“Some enchanted evening”… and so it was. I looked across a crowded room and saw a young man with blue, blue eyes (as blue as the sky, says my daughter) staring back at me. He took me home that night, stayed until 3am talking and talking and I wrote in my diary: “have met the man I’m going to marry”. Having recently walked away from a tempestuous relationship I had made up my mind never to marry but from the start, Leslie was always steady and reliable, always there for me…..

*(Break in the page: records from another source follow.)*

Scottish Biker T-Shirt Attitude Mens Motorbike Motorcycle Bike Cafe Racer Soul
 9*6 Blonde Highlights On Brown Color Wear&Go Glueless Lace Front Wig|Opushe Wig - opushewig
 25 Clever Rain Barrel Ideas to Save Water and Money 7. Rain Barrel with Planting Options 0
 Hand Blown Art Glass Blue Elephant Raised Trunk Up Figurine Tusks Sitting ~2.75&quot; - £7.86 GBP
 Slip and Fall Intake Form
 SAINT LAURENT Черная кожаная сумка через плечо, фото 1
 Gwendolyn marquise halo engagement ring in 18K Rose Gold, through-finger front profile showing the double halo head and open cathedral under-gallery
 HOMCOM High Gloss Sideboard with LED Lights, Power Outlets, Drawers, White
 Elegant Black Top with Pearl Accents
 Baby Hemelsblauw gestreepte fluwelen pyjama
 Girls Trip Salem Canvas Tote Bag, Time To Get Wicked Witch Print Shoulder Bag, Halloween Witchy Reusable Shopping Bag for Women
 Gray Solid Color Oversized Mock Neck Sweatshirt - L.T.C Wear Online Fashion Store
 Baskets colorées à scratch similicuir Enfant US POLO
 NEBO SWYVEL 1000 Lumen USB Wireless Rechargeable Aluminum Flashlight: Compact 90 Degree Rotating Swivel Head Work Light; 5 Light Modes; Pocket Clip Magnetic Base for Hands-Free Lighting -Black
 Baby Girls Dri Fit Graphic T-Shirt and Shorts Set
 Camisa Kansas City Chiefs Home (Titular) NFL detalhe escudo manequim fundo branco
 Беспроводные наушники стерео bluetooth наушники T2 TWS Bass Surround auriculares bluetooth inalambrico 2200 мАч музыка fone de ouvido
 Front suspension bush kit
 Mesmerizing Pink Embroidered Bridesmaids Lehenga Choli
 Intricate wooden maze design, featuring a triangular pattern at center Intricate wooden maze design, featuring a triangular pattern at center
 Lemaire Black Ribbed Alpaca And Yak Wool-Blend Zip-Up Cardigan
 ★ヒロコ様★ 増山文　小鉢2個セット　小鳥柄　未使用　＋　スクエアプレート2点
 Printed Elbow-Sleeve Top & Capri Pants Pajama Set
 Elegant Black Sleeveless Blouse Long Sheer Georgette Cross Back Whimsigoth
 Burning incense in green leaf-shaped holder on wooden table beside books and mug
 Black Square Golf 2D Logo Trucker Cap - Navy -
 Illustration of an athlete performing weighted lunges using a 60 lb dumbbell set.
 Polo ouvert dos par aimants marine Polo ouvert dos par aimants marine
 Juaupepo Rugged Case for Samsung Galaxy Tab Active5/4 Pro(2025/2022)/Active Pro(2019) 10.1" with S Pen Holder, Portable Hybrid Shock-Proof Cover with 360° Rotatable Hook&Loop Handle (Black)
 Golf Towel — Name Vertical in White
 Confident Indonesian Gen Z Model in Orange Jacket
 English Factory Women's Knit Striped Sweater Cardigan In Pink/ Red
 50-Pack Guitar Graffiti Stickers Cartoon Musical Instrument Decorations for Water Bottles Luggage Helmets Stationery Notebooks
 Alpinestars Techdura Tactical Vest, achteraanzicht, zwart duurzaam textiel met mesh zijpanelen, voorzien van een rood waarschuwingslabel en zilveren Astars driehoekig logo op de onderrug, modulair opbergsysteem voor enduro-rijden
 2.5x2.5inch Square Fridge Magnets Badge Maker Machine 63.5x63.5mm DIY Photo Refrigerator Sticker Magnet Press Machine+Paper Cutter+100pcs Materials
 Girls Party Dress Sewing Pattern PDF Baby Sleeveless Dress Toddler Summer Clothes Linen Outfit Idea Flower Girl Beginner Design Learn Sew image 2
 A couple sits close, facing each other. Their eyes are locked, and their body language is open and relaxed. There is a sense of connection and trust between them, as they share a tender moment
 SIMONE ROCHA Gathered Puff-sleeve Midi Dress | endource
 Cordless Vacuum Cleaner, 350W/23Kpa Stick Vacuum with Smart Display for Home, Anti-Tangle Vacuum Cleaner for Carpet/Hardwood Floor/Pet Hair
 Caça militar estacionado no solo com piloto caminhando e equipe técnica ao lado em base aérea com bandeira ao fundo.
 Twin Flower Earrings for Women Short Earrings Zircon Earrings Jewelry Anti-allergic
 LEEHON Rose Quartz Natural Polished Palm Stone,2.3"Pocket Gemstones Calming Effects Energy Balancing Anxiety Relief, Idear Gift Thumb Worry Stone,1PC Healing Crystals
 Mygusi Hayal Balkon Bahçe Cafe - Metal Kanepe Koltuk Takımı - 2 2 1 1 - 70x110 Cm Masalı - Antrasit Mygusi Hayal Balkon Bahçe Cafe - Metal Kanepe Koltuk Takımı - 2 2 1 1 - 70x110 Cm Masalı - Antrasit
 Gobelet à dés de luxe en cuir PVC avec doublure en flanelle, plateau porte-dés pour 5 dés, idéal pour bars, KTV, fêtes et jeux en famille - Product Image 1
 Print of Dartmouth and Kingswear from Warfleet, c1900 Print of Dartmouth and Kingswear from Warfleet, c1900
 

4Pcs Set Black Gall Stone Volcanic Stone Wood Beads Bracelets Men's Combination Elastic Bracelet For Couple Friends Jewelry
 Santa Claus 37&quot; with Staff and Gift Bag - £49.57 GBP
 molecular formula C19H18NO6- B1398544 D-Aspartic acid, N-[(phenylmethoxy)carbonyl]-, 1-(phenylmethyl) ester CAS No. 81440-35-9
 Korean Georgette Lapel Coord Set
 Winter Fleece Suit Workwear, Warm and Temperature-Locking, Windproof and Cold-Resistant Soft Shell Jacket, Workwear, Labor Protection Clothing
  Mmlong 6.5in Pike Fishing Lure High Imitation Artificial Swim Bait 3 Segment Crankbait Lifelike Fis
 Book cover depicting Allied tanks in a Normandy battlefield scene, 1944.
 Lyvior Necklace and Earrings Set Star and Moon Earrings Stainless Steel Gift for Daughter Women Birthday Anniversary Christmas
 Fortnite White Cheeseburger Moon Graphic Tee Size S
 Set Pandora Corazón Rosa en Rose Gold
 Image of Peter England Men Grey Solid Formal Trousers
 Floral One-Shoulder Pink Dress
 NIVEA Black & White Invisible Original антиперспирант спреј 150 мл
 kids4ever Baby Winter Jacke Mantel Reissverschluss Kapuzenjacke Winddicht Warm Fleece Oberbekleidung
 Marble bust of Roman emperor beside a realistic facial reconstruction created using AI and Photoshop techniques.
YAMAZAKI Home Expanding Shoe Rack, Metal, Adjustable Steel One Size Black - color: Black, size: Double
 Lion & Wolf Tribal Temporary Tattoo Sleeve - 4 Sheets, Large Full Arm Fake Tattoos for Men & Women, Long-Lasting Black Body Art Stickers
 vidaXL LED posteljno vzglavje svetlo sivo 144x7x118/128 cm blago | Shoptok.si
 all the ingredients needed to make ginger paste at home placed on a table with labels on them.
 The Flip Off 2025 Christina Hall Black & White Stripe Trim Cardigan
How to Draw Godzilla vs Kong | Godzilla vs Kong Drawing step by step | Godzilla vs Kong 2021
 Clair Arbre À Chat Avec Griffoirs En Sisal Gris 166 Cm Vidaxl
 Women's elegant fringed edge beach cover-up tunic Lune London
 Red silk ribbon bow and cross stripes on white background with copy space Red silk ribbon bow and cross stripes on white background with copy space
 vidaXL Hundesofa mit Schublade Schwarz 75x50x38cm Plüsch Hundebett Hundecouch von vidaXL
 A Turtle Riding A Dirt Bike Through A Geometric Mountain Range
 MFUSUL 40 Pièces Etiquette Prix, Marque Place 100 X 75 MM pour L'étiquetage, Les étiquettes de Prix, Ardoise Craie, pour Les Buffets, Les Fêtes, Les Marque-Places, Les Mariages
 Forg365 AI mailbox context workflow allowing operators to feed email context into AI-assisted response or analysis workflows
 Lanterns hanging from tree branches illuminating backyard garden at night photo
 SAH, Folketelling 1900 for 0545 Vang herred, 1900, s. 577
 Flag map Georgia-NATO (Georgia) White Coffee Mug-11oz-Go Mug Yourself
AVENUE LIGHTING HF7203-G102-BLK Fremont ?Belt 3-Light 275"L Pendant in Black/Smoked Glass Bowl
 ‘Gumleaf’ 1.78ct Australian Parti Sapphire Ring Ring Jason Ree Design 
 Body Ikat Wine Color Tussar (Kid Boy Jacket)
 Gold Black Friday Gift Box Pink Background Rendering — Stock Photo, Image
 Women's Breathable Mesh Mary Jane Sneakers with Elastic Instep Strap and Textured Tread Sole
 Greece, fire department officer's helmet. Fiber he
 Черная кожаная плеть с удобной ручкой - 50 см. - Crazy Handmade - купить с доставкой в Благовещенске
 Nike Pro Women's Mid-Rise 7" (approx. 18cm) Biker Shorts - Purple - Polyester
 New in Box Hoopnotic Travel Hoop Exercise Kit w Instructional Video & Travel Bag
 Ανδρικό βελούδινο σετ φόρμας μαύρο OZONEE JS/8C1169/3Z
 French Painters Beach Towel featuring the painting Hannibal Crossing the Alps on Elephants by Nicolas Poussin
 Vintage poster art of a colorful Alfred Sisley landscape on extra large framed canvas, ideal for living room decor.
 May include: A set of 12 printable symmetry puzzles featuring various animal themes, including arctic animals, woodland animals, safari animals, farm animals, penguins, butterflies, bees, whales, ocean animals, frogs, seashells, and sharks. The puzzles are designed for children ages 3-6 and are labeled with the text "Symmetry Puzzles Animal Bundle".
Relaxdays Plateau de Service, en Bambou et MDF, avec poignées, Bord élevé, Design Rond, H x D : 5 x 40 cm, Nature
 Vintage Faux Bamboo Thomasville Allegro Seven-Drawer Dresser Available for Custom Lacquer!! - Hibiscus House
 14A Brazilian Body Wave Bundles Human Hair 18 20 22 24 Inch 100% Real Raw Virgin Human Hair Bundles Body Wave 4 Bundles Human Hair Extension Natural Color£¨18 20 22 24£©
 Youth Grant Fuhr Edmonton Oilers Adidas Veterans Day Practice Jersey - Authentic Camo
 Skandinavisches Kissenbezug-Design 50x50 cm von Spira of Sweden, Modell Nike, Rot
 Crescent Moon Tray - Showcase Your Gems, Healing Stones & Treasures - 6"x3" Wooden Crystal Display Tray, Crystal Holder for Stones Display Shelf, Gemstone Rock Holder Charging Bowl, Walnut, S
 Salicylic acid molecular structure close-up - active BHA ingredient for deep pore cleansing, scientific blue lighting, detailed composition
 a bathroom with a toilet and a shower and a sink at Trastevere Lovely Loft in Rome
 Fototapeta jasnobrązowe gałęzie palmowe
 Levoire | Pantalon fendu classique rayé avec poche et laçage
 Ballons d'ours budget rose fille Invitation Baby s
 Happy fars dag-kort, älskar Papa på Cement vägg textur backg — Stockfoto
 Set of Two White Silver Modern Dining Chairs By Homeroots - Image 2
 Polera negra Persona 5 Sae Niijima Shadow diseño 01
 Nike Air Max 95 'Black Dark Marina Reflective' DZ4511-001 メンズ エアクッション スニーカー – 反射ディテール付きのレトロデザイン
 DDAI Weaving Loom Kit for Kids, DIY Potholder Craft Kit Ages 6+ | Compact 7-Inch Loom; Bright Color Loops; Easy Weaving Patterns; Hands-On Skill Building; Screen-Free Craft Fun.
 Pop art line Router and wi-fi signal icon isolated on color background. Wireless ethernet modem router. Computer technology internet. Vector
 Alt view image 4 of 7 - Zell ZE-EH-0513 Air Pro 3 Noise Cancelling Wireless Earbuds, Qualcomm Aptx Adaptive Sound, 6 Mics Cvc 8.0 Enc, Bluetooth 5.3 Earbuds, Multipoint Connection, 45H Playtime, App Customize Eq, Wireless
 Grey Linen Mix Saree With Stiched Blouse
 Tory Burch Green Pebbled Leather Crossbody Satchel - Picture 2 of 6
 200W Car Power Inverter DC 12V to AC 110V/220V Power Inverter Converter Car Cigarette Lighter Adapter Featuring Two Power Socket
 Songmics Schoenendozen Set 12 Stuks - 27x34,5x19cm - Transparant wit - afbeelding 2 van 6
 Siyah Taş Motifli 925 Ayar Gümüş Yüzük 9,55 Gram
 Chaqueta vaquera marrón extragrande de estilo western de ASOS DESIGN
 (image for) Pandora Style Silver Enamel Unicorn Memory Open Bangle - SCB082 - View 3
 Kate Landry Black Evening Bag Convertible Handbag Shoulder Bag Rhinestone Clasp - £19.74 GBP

We married in 1973 and our adored daughter was born in 1977. Leslie was an amazing father, always hands-on and always available to change any nappies I found too messy to deal with! That is, when he was at home, as he was steadily moving through the ranks in his job with Post Office Catering. He left school at 15 with no qualifications but took himself off to night school and was rightly proud of his achievements. He worked long and hard but always had time for his family and friends. We entertained frequently and he was a huge help to me (of course!) in the kitchen. He was sociable, friendly and always had a dry sense of humour and a witty quip. Our life was full and happy. Unfortunately, due to the recession, Leslie lost his job as Area Catering Manager in the Post Office but set up his own finance company.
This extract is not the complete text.